__Your goal__
Repeat back every line of the data, exactly.

__Supplied data__
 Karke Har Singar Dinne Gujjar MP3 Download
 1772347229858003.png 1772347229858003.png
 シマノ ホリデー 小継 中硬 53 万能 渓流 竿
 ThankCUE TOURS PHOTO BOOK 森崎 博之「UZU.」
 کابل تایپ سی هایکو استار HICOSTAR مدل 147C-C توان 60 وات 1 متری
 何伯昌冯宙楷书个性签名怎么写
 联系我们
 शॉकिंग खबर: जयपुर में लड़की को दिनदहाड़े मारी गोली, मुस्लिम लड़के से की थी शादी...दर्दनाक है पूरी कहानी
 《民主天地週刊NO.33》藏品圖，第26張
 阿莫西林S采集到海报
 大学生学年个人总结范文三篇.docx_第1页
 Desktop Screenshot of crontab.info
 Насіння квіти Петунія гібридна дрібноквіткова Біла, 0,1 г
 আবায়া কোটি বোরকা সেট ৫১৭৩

__Response area__
 Karke Har Singar Dinne Gujjar MP3 Download
 1772347229858003.png 1772347229858003.png
 シマノ ホリデー 小継 中硬 53 万能 渓流 竿
 ThankCUE TOURS PHOTO BOOK 森崎 博之「UZU.」
 کابل تایپ سی هایکو استار HICOSTAR مدل 147C-C توان 60 وات 1 متری
 何伯昌冯宙楷书个性签名怎么写
 联系我们
 शॉकिंग खबर: जयपुर में लड़की को दिनदहाड़े मारी गोली, मुस्लिम लड़के से की थी शादी...दर्दनाक है पूरी कहानी
 《民主天地週刊NO.33》藏品圖，第26張
 阿莫西林S采集到海报
 大学生学年个人总结范文三篇.docx_第1页
 Desktop Screenshot of crontab.info
 Насіння квіти Петунія гібридна дрібноквіткова Біла, 0,1 г
 আবায়া কোটি বোরকা সেট ৫১৭৩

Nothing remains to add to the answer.